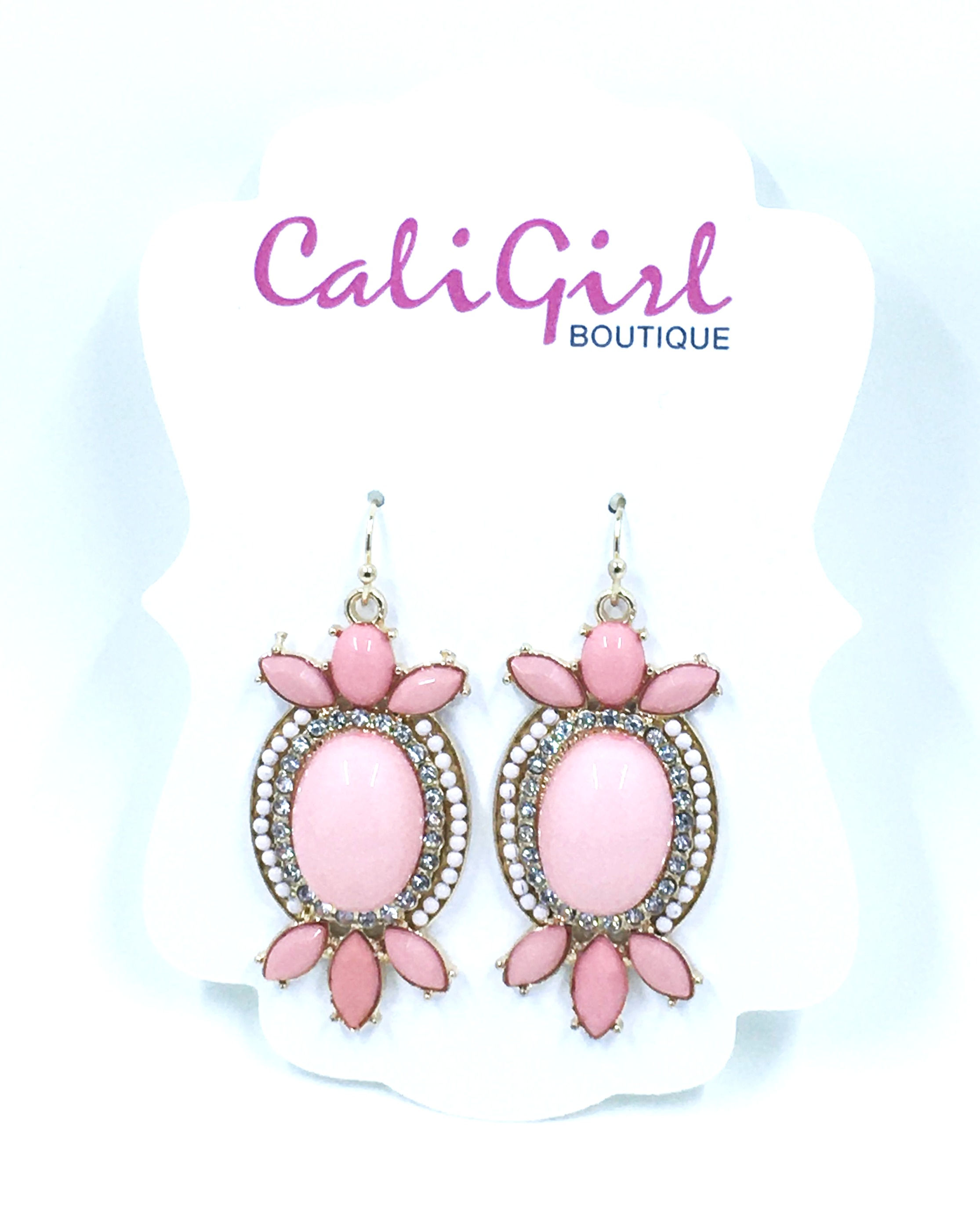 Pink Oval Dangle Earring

####

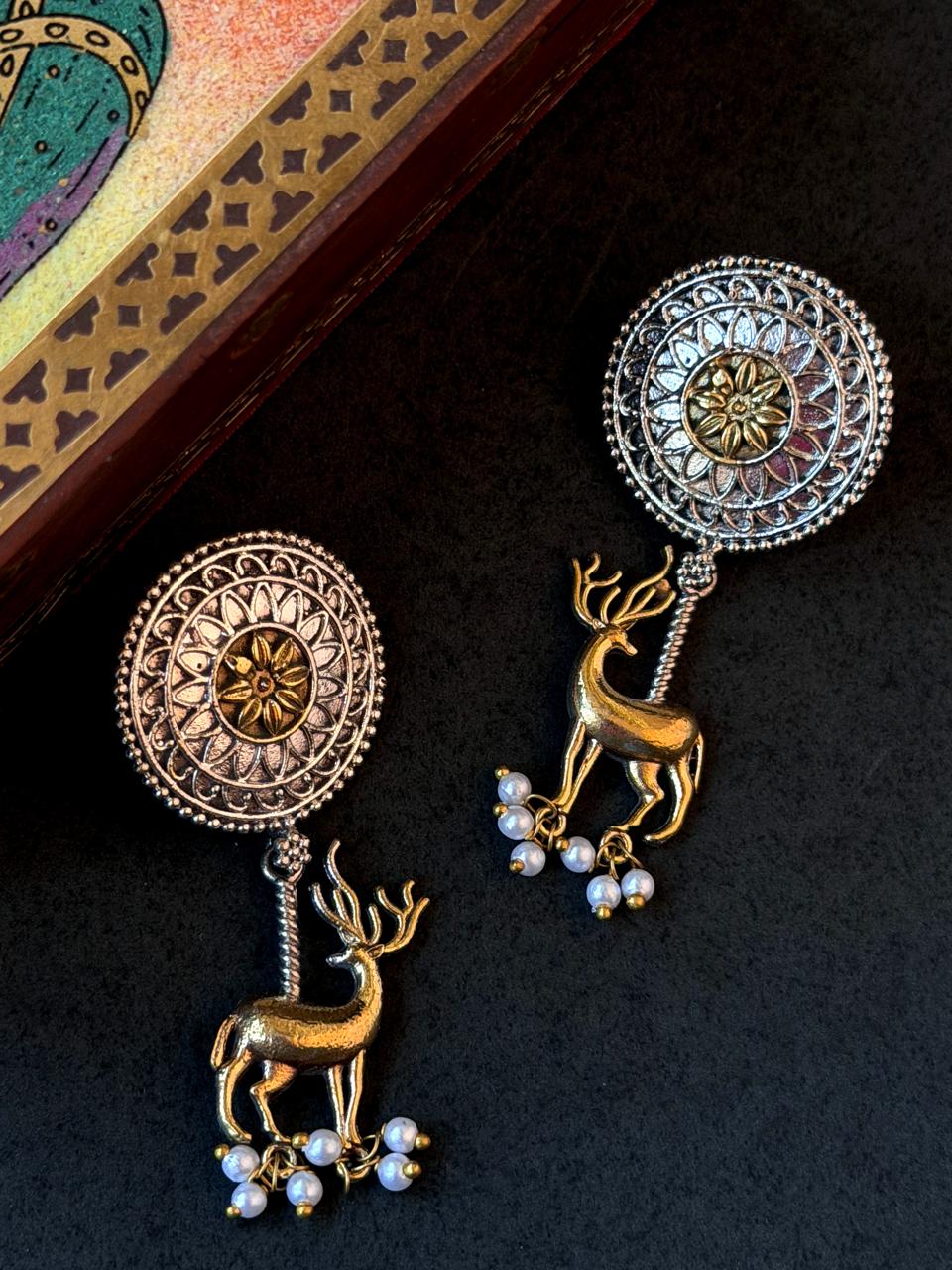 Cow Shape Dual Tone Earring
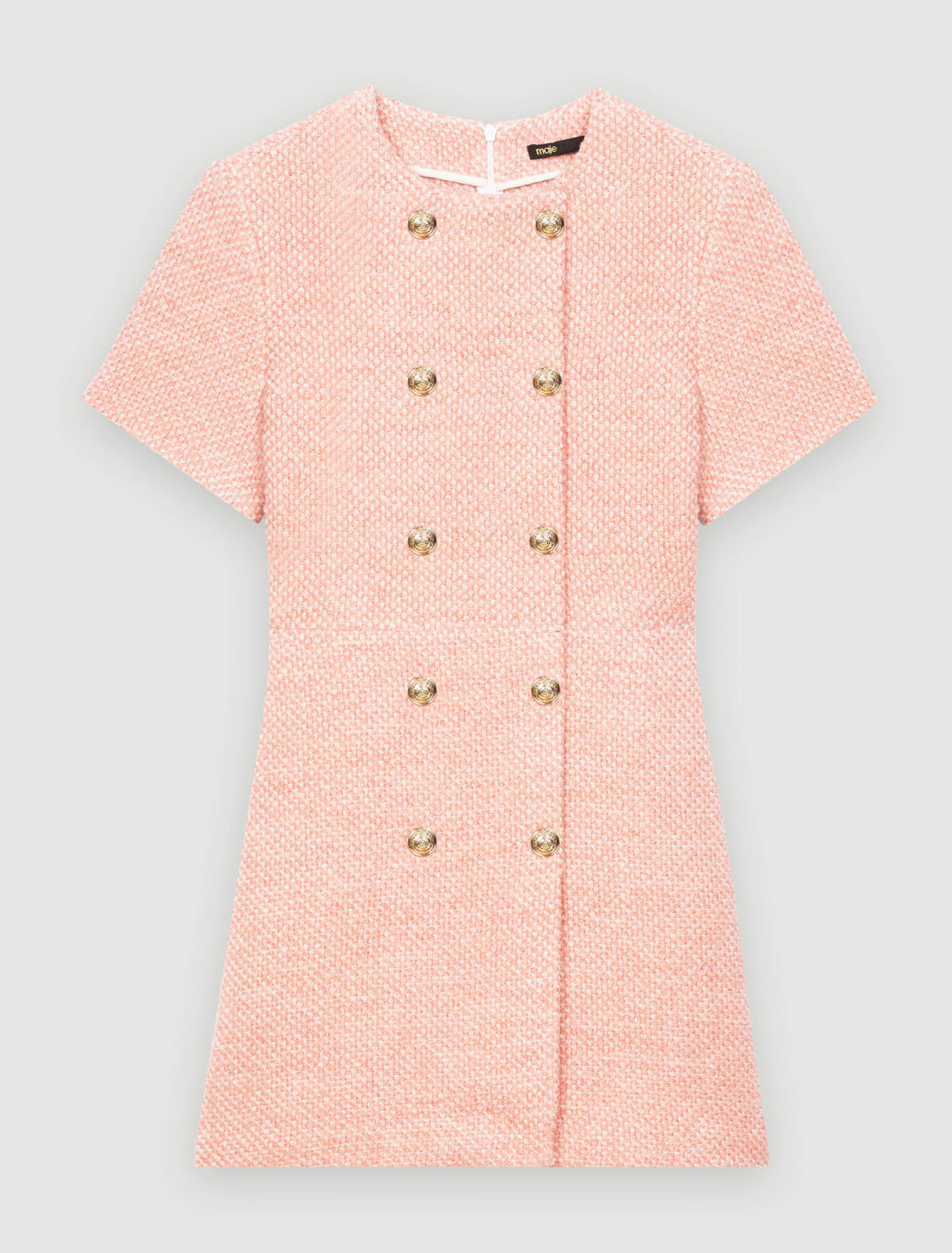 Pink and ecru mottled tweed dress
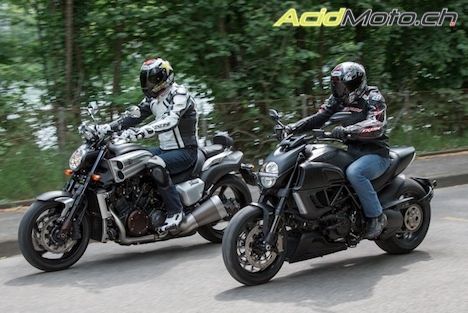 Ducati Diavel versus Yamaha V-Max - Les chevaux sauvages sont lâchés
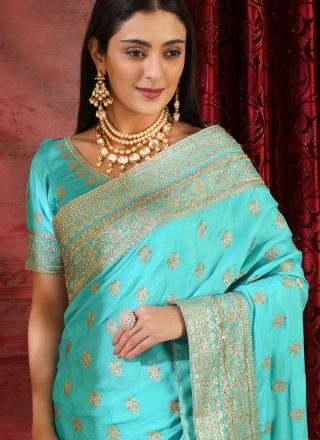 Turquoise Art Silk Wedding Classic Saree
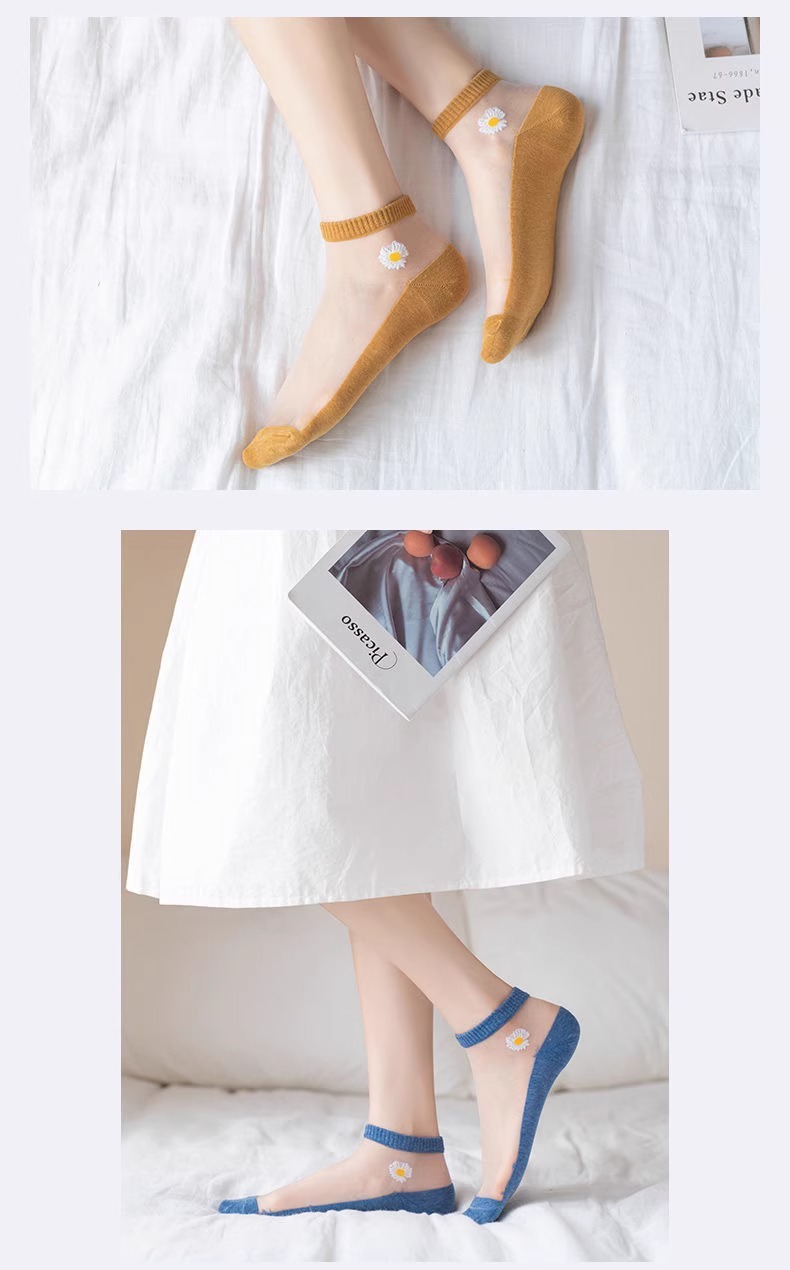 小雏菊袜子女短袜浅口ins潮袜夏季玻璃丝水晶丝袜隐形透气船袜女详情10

####

• _Required action_: Copy word for word only the lines above from the one with "Ducati Diavel versus" through the one with "小雏菊袜子女短袜浅口ins潮袜夏季玻璃丝水晶丝袜隐形透气船袜女详情10". Leave pictures out.

• _Exercise result_:
 Ducati Diavel versus Yamaha V-Max - Les chevaux sauvages sont lâchés
 Turquoise Art Silk Wedding Classic Saree
 小雏菊袜子女短袜浅口ins潮袜夏季玻璃丝水晶丝袜隐形透气船袜女详情10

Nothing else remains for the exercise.